Through her National Chicken Shirt Days, which occur sporadically throughout the year with the support of her friends, Kim grew her own T-shirt line under the name of CHINGOOZ, a word which translates to “friends” in Korean. The second-year art student founded the line in April 2015 and has since sold more than 500 of her hand-crafted shirts.
Kim has also created seven different T-shirt designs, four of which are available to buy online. Kim said her first design, the signature sketch of a bright red chicken, launched CHINGOOZ into popularity with its distinctive artwork and ambiguous meaning.
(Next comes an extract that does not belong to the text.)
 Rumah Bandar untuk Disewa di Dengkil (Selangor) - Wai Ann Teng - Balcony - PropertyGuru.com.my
Kim originally started sketching chickens for a class project, which featured a large white chicken sitting atop a nest filled with eggs. After practicing the doodle in notebooks during class, Kim began to enjoy drawing the animal, she said.
“The chicken is still a mystery to me,” Kim said. “I like to say that it was just kind of this weird muse that I was having.”
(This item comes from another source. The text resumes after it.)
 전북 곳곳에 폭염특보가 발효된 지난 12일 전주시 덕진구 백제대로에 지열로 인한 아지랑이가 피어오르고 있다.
When her high school announced its annual art show, Kim wanted to submit a piece that was different than a painting or a sketch that would give observers a more active role in the show. Her obsession with drawing chickens led her to create T-shirts so people could walk around with her design, she said.
Using her school’s art supplies, Kim created a large stamp by carefully carving a sketch of a chicken into a rubber slab. She then placed a wooden ring around a white T-shirt to keep it taut, coated the stamp in red fabric paint and lowered the shirt onto the stamp.
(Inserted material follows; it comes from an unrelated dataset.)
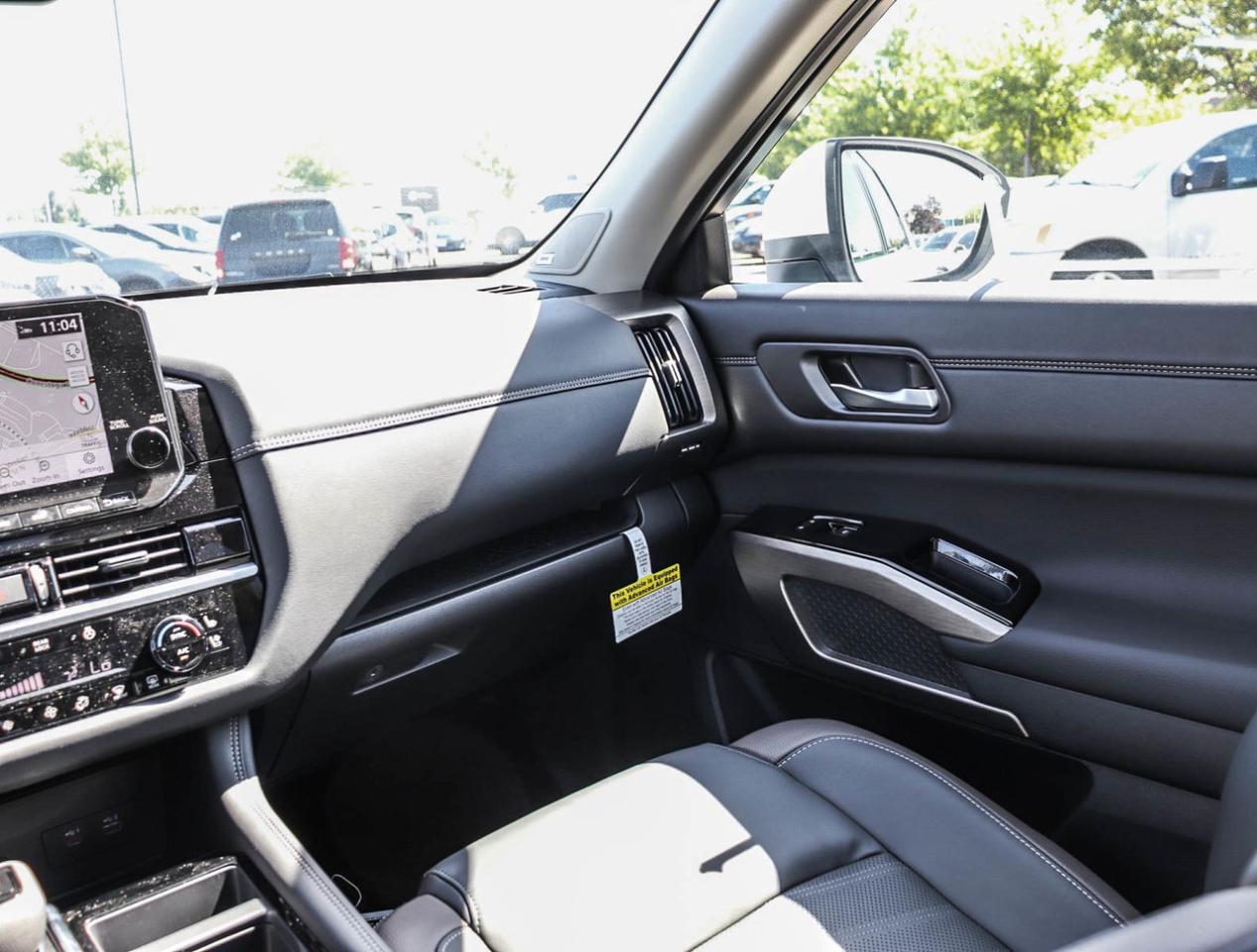 2025 Nissan Pathfinder Platinum Photo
After pressing on the design, Kim completes the T-shirt by painting the initials of her name by the chicken’s feet. Kim forgot to carve her initials into the stamp, but the omission allowed her to add a personal signature to each shirt, she said.
At the art show, Kim said she sold one T-shirt for $10 and left the show with around 50 more orders. Within six months, the shirt’s popularity spread throughout her high school as the chicken shirt began spreading through word-of-mouth and Kim’s invented holiday.
“It was a lot more popular than I expected,” Kim said. “When I fulfilled those first 50 orders, I expected for that to just be it.”
National Chicken Shirt Days began with a Facebook event in June 2015, to promote the T-shirt and encourage customers to wear a CHINGOOZ shirt in support of the company.
Kim’s high school friend Shannon McGrath said many students donned Kim’s chicken shirt – even her mother bought and wore one. On National Chicken Shirt Days, McGrath wore her chicken shirt and posed with her friends for pictures in their matching tops.
McGrath said students submitted similar pictures to Kim through Snapchat or Facebook Messenger, which Kim then reposted on CHINGOOZ’s social media accounts. Kim’s childhood friend Annie Koo said she wore the CHINGOOZ T-shirt about once a week in support of her friend. The quirky design paralleled Kim’s personality — unconventional and outside of the box, Koo said.
“If you know (Kim), it’s very (Kim),” Koo said. “It’s very quirky and different.”
Koo said the chicken shirt trend began as a joke among their close group of friends, but soon spread throughout the school. Even students who did not know Kim approached her asking where they could purchase the shirt, she said.
Now a student at the University of Pennsylvania, Koo said she still wears her chicken shirt for Kim’s National Chicken Shirt Days, the latest of which occurred in June 2017.
With the support of a larger consumer base, Kim said she hopes that CHINGOOZ can begin printing shirts through a manufacturer to expedite the process. Kim added she is also working on new random designs for the shirts similar to her original chicken drawing.
“It was just something random,” Kim said. “But it just spurred into this whole chicken shirt manifestation.”